Serie D, girone I, III giornata: Vibonese-Reggina 0-0

Vibonese (3-5-2): Ferilli; Galizia (Castillo dal 68′), Caiazza, Di Corato; Keita (Mariani dal 64′), Di Gilio, Bucolo, Carnevale (Marsico dall’87’), Bonotto; Musy, Balla. All.: Esposito. A disposizione: Marano, Selemby, De Salvo, Fragalà, Adragna, Maya.

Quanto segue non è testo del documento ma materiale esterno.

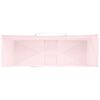 vidaXL Sacchetti di Carta 250 pz con Manici Rosa 32x12x42 cm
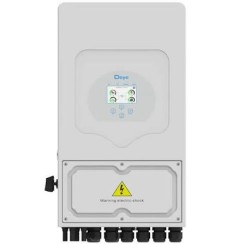 Гібридний інвертор Deye 6кВт, SUN-6K-SG05LP1-AM2-PLUS (1 фаза, 2 МРРТ, LV)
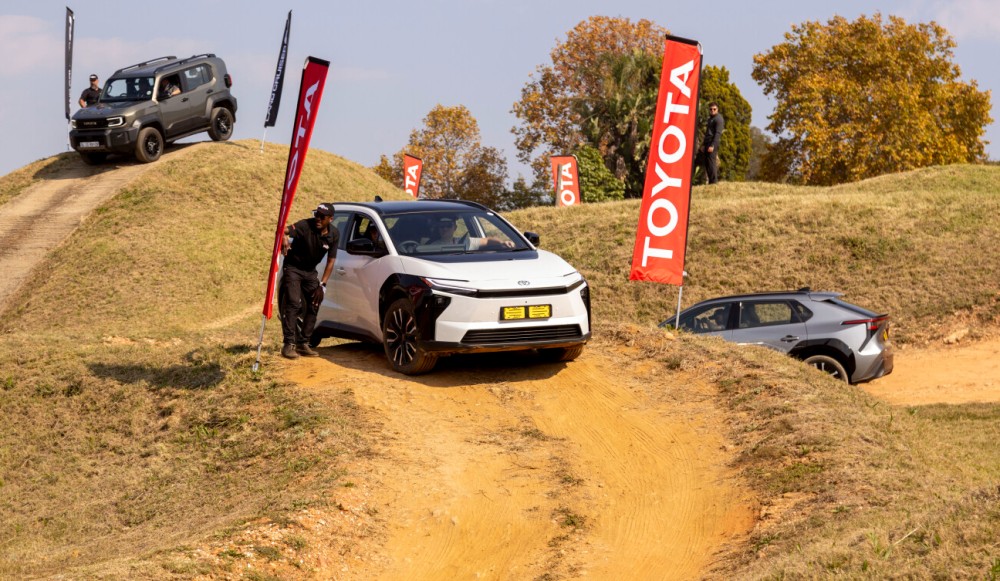 Toyota unwraps its future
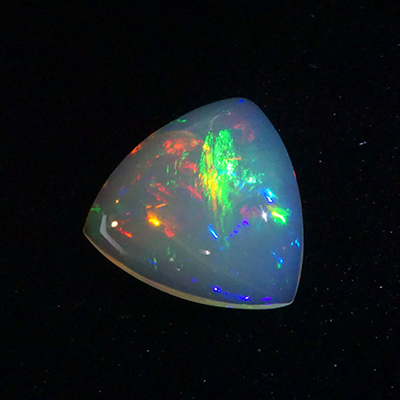 7.02 ct Colorless Opal - Trillion
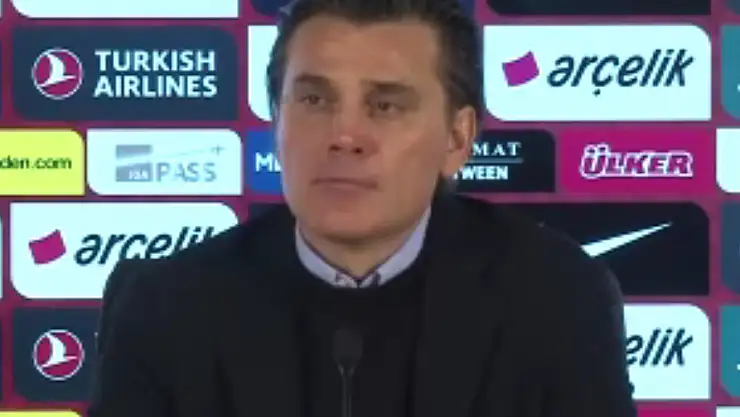 Vincenzo Montella: 'Bizi gururlandıran, hak ettiğimiz bir galibiyet aldık'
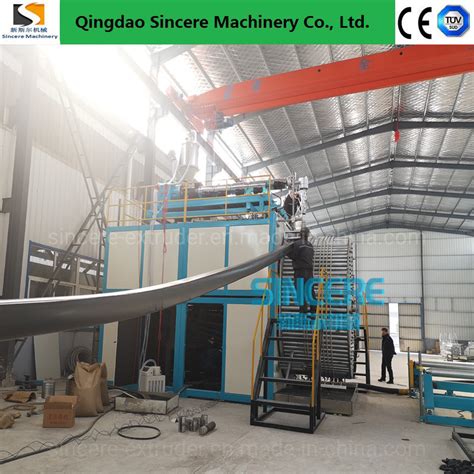 HDPE Culvert Pipe Production Line - China Culvert Pipe Machine and ...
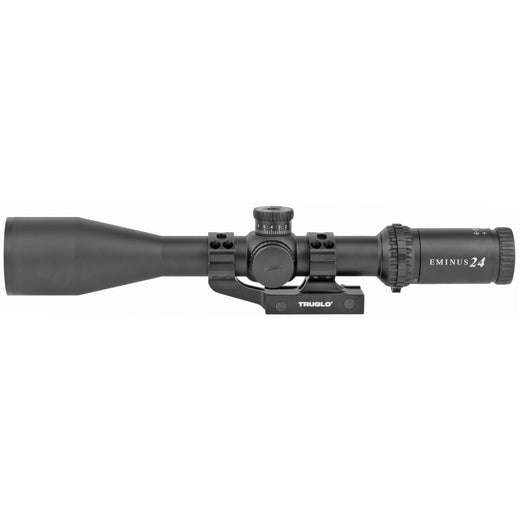 TRUGLO Eminus 6-24x50mm 30mm Illuminated TacPlex MOA Riflescope - TG8562TLR - 3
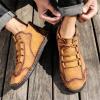 imageDacomfy Mens Casual Shoes Loafers SlipOn Ankle Boots Leather Chukka Shoes LaceUp Driving Walking Outdoor Shoes for Men Size 65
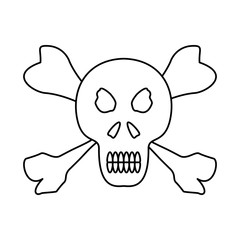 skull with crossbones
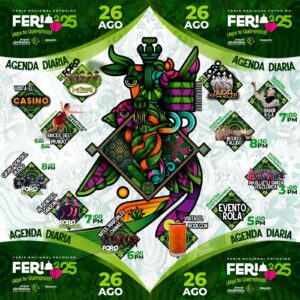 Martes de danza, música y tradición sin límites en Fenapo 2025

Reggina (4-3-3): Lagonigro (Boschi dal 46′); Palumbo, Blondett, D. Girasole, Gatto; Porcino, Laaribi (Mungo dal 71′); Barillà (Ragusa dal 61′), Di Grazia (Montalto dal 61′), Ferraro (Correnti dall’84’), Grillo. All.: Trocini. A disposizione: Adejo, Distratto, Edera, Lanzillotta. Arbitro: Bruno Tierno (Sala Consilina). Assistenti: Leonardo Grimaldi (Bari) e Gabriele Federico (Agropoli). Ammoniti: Gatto al 37′, Porcino al 52′, Di Grazia al 56′, Laaribi al 58′, Keita al 58′, Castillo all’86’, Montalto all’89’ e Mungo al 92′. Recupero: 3′ e 5′.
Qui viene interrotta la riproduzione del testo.